Externally Owned Accounts, Private Key Communication, and Paymasters
Crypto wallets typically comprise “Externally Owned Accounts,” where the cryptographic keys generated for access to that wallet consist of an internal public key that a blockchain network uses to communicate with the wallet, and an external private key the user exclusively controls to approve communications with the wallet and sign transactions. The internal public key is derived from the external private key.
Externally Owned Accounts refer to how control of that account is external to the rest of the blockchain network; access to that wallet through its private key is beyond the network. The private key ensures every communication must be signed off on, reducing the speeds and ease users can transact through their wallet.
Account abstraction changes Externally Owned Accounts to Contract Accounts which can process and store data, making them capable of communicating with and executing smart contracts. Account abstraction allows regular externally owned account wallets to gain the capabilities of contract accounts, granting them programmability.
A paymaster integrated with a crypto wallet could manage a wallet’s private key to sponsor and facilitate onchain gas payments with fiat from an offchain source: the Visa credit card. According to Visa, this process would be accomplished through a Veryifying Paymaster and would eliminate users from needing to hold separate ETH balances just to cover gas fees.

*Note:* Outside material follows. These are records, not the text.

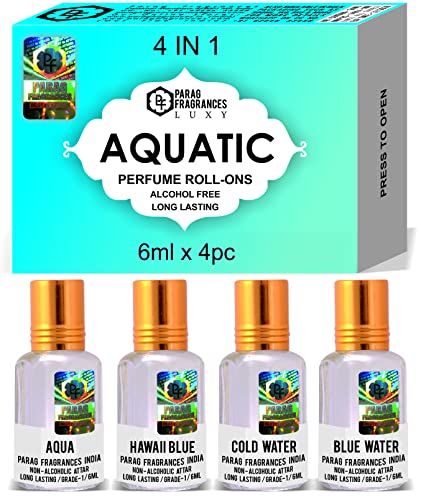 Image of Parag fragrances Top Attars Collection Of India /Alcohol Free Attar Gift Pack (Aquatic), Unisex, Liquid, 6 Ml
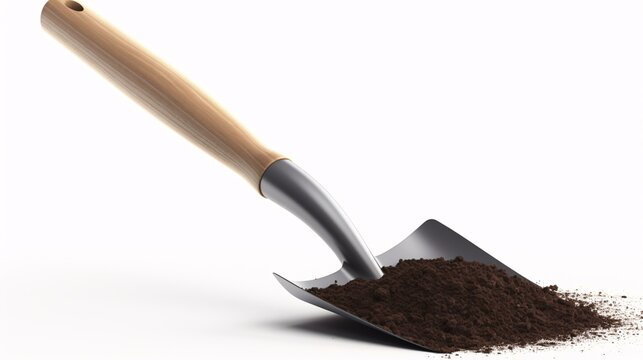 gardening tool shovel and soil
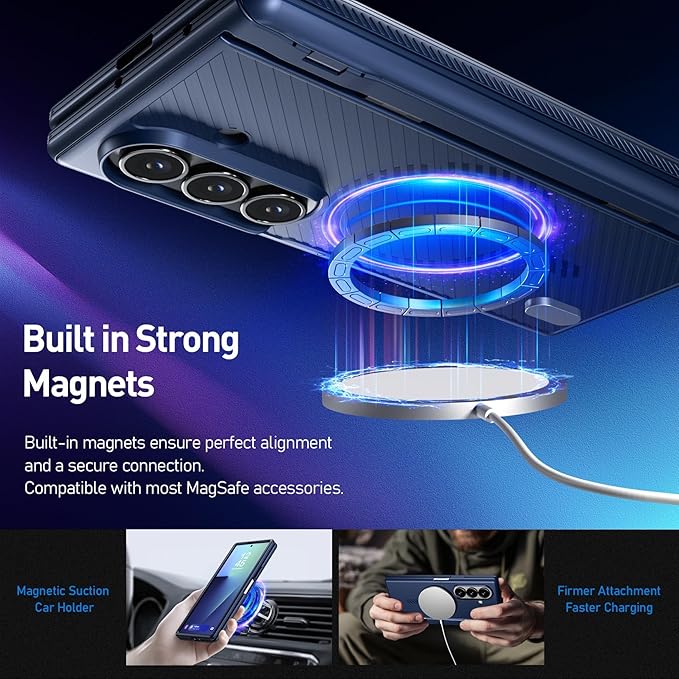 Poetic Revolution Flex Case for Galaxy Z Fold 7, [Hidden Foldable Kickstand][Hinge Protection][MagSafe Compatible], Full Body Shockproof Galaxy Z Fold 7 Cover with Built-in-Screen Protector, Navy Blue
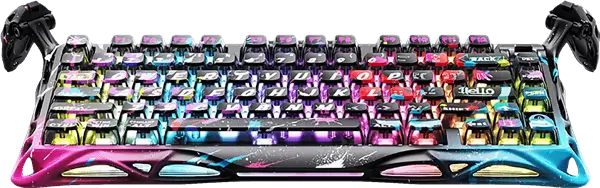 מקלדת גיימינג מכנית חוטית Mercury V75 Pro HE - ניאון גרפיטי GravaStar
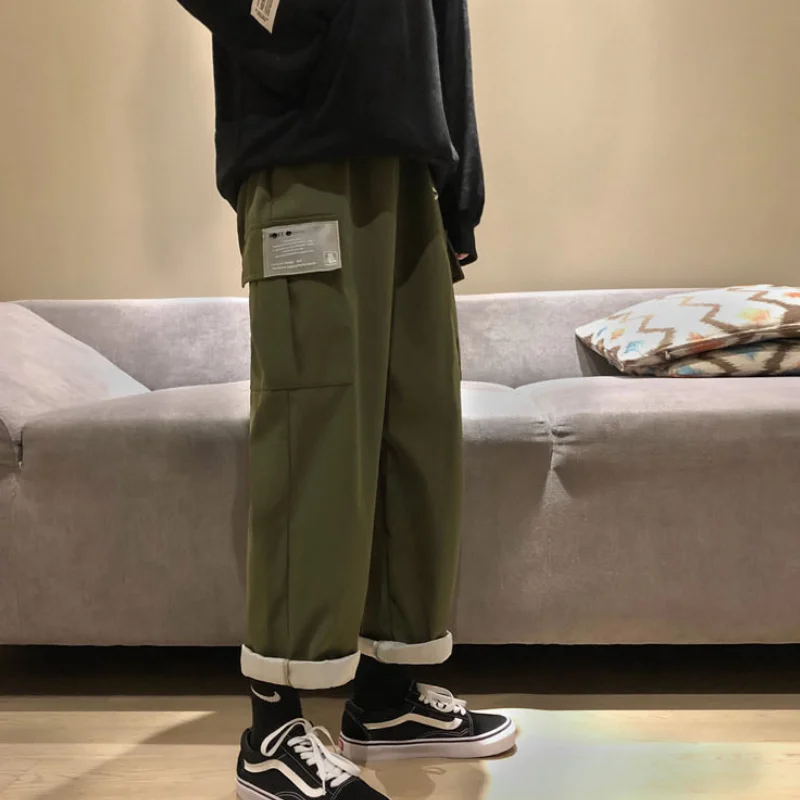 Мужские толстые комбинезоны свободные прямые брюки с широкими штанинами Зимние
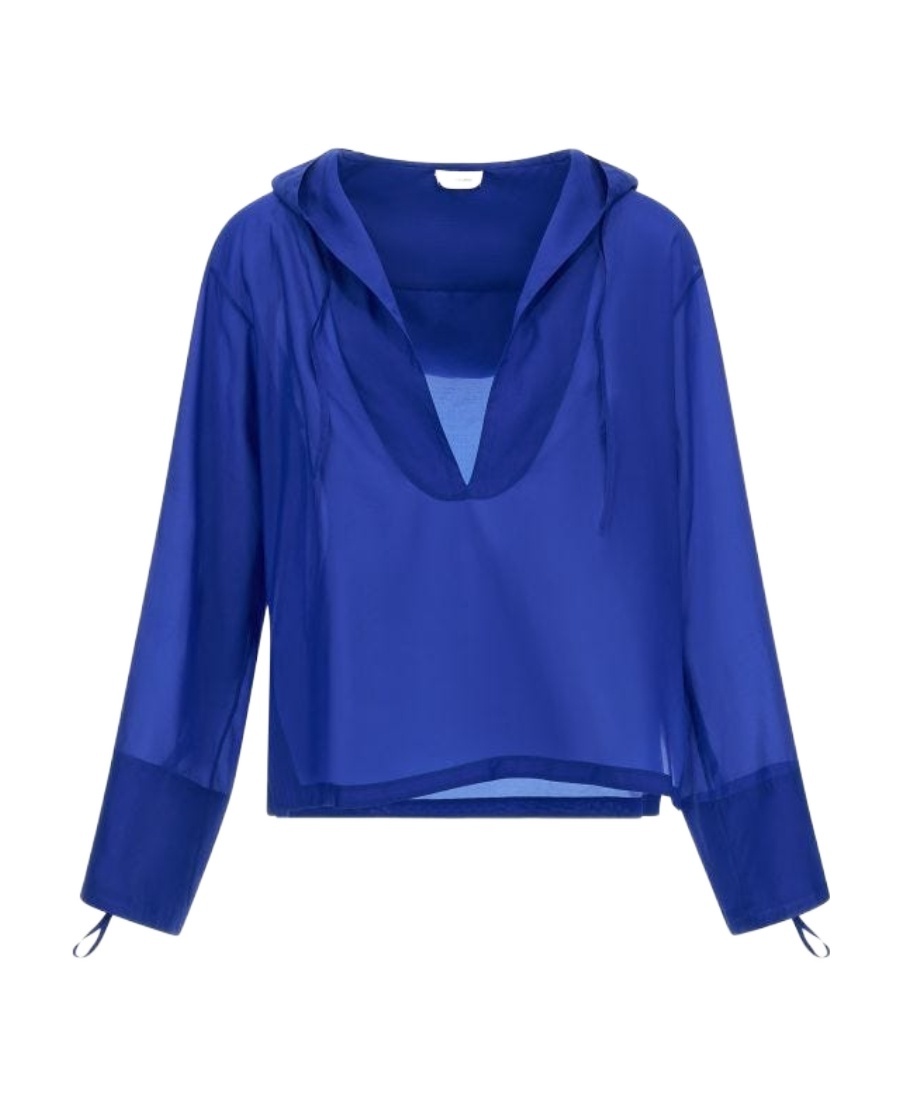 Ferragamo Long-sleeved Hooded Shirt In Blue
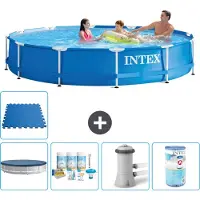 Intex Rond Frame Zwembad - 366 x 76 cm - Blauw - Inclusief Afdekzeil - Onderhoudspakket - Zwembadfilterpomp - Filter - Vloertegels - 6-delig
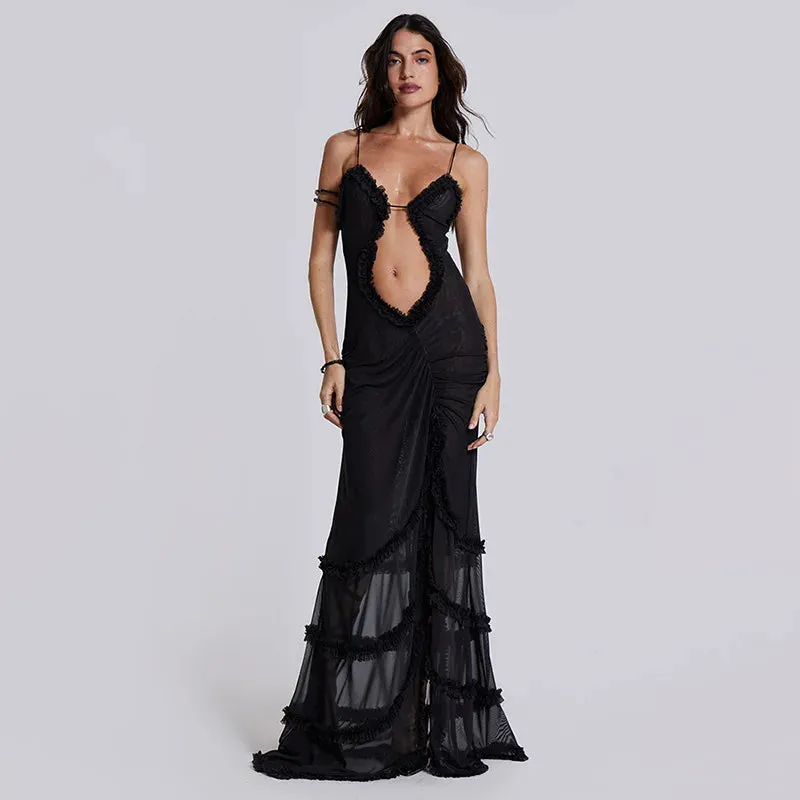 Furry Halter Split Wave Sleeveless Hollow Dress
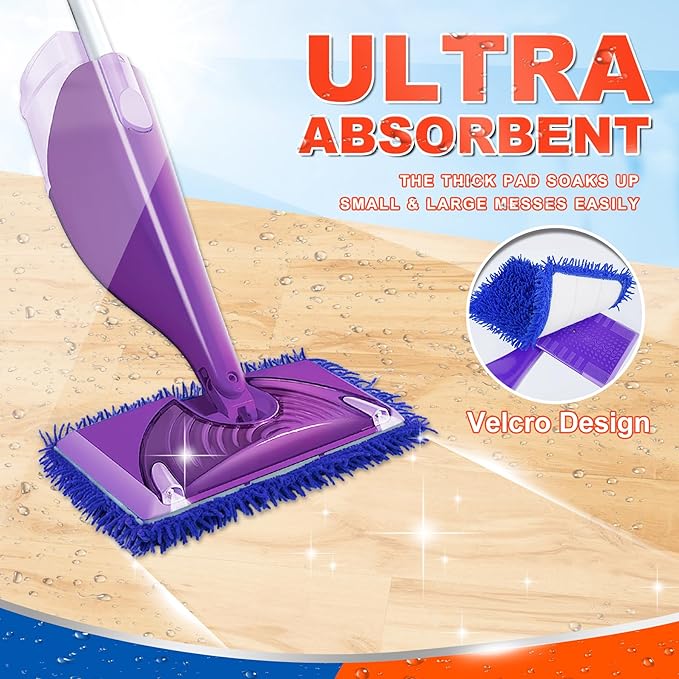 Reusable Mop Pad Wet Jet Refills Compatible with Swiffer WetJet Mop, 4 Pack Wet Jet Pads, Microfiber Mop Pad Refills for Floor Mopping and Cleaning, Wet & Dry Use for Swiffer Wet Jet Pads, Blue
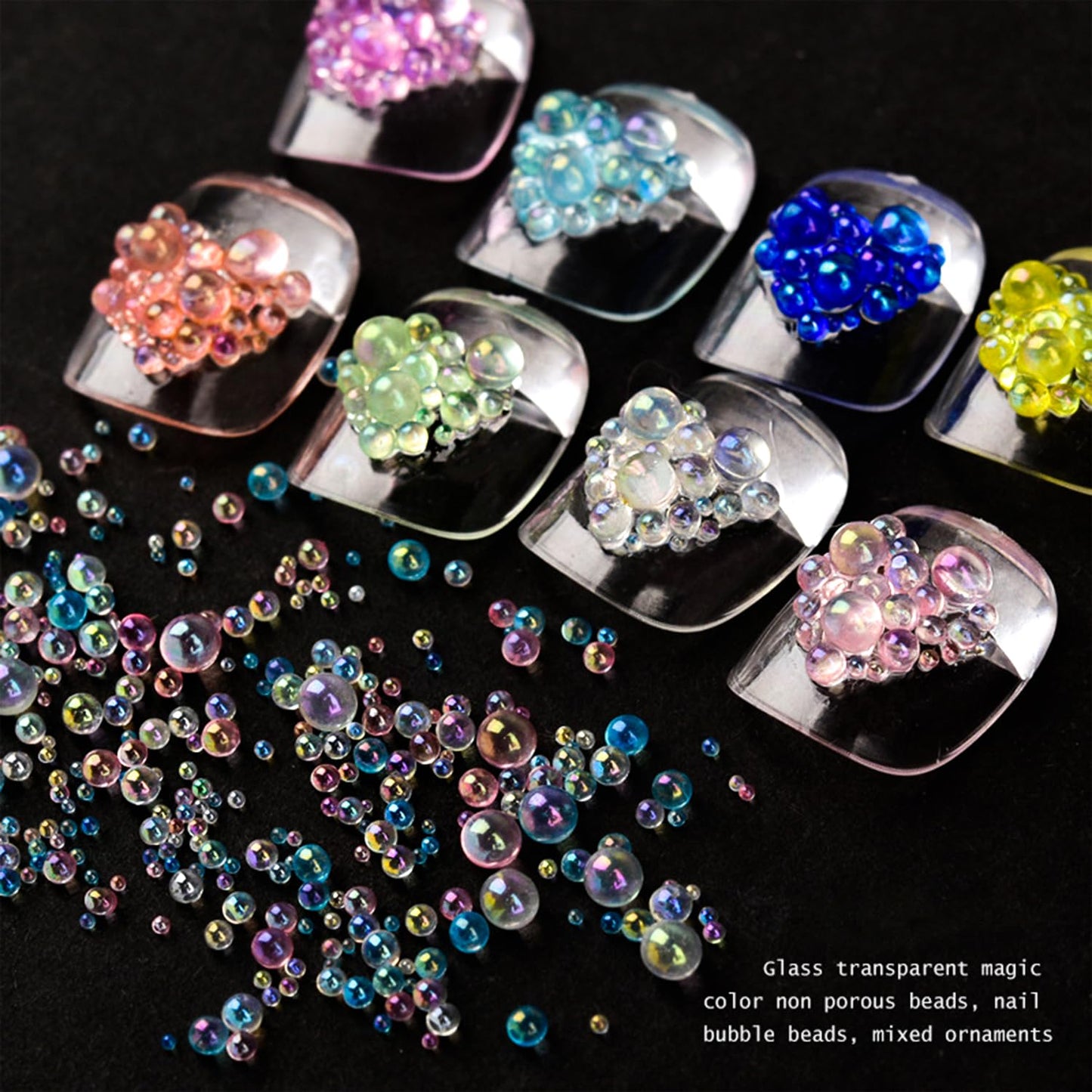 SILPECWEE 9 Boxes Mermaid Bubble Beads for Nails, Iridescent Circular Nail Rhinestones Aurora Caviar Beads Nail Pearl Crystal Diamond 3D Nail Charms Nail Decorations for Makeup DIY Accessories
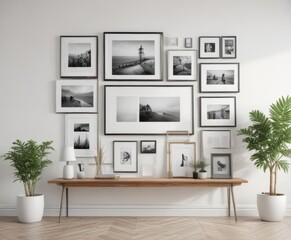 Elegant photo frame display  Diverse frames on a white wall  Minimalist design ,  simple,  interior,  white wall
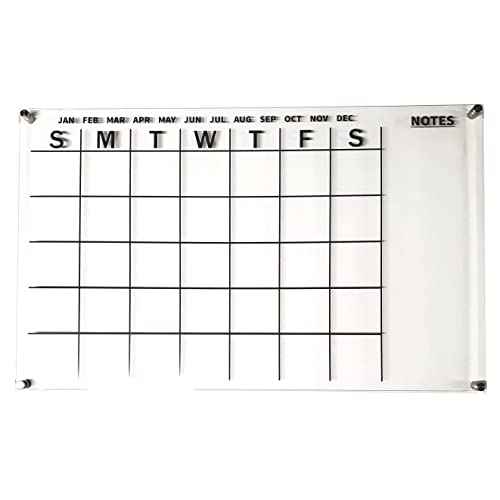Dry Erase Acrylic Calendar - 13 x 21.1 Inches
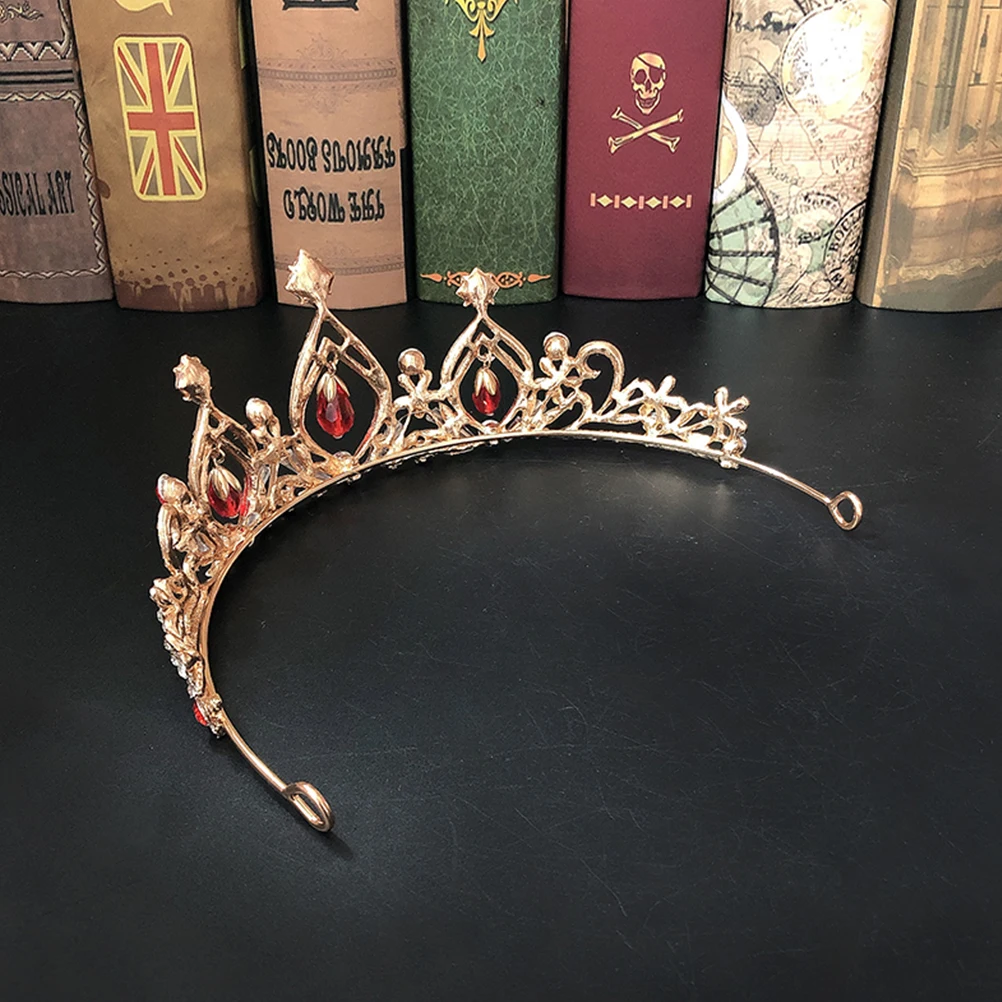 

Bridal Crown Wedding Tiara Hair Accessories Headpieces Red Crystal Lightweight Durable Engagement Parties Bride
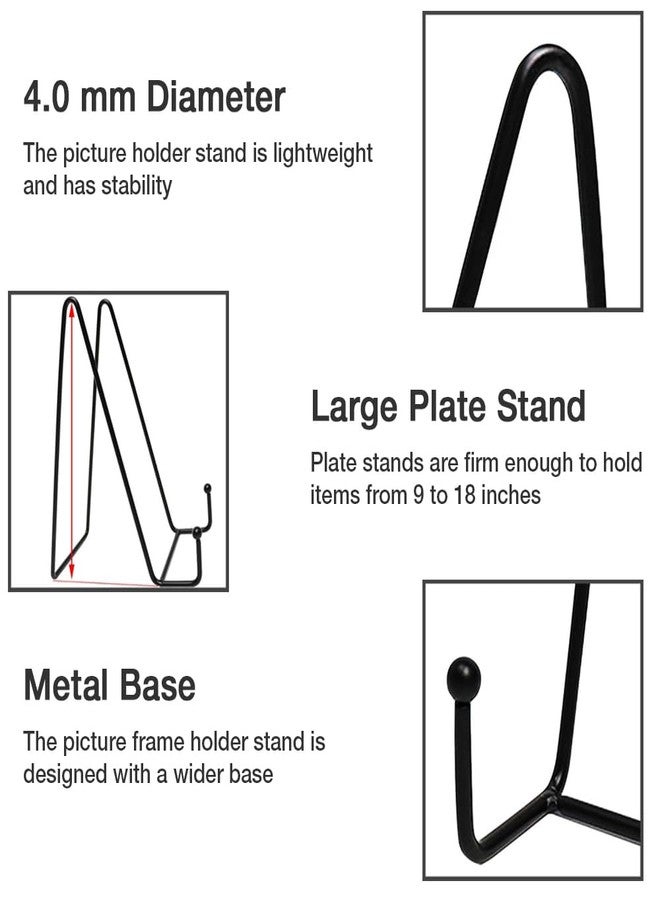 Goalfly 7 Pack 8 Inch Large Plate Stands for Display, Metal Black Plate Holder Display Stand, Picture Frame Stands for Book, Photo Easel, Decorative Plates - Image 3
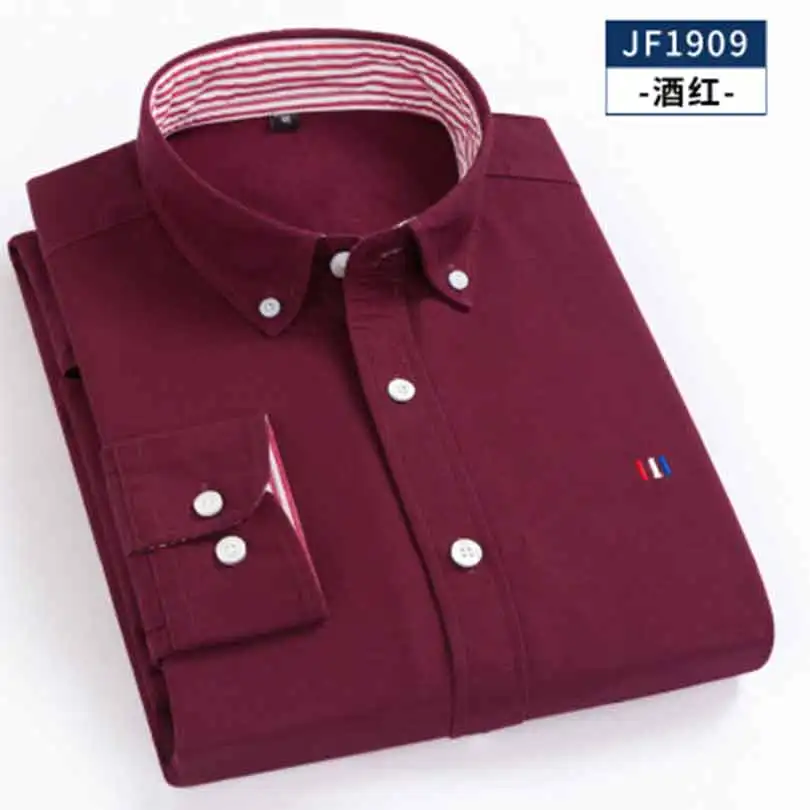 Burgundy shirt Новинка, хлопковая вымытая японская рубашка оксфорд, мужская рубашка с длинным рукавом, модная Повседневная рубашка, camisas de caballero camisas sociais, мужская деловая рубашка, sle - Цвет: Burgundy shirt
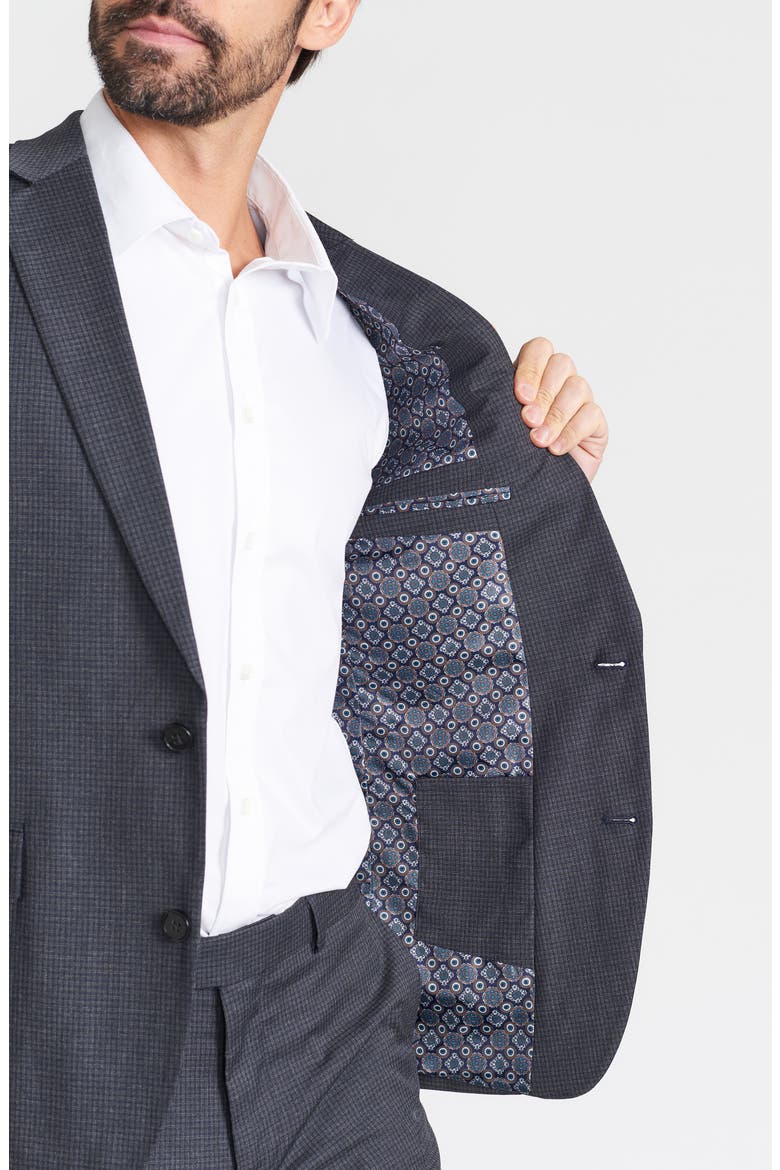 Hoxton Check Notch Lapel Suit, Alternate, color, GREY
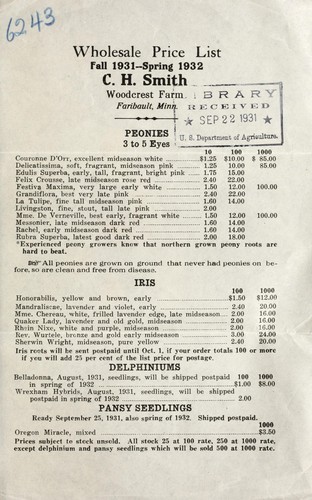 Wholesale price list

A Verifying Paymaster enables flexible gas policies by delegating private key transaction signing to the Visa credit card on behalf of the user or wallet owner. ERC-4337 enables the Verifying Paymaster to act as an intermediary between a wallet’s private key and the Visa credit card as it coordinates the process of signing transactions using the private key to authorize gas payments.
Conclusion
The complexity and unpredictability of gas fees have long posed barriers to widespread adoption and usability. Visa addresses these challenges head-on by allowing users to pay on-chain gas fees with their familiar credit cards. This integration simplifies the process and significantly accelerates communication between the blockchain and external wallets.
By coordinating a Verifying Paymaster and the ERC-4337 standard, users can experience a seamless and efficient experience, eliminating the need for separate ETH balances and reducing the friction associated with conducting transactions on the Ethereum network. As this solution gains traction, it can welcome new and inexperienced users into the crypto ecosystem, driving forward the next phase of crypto adoption and accessibility.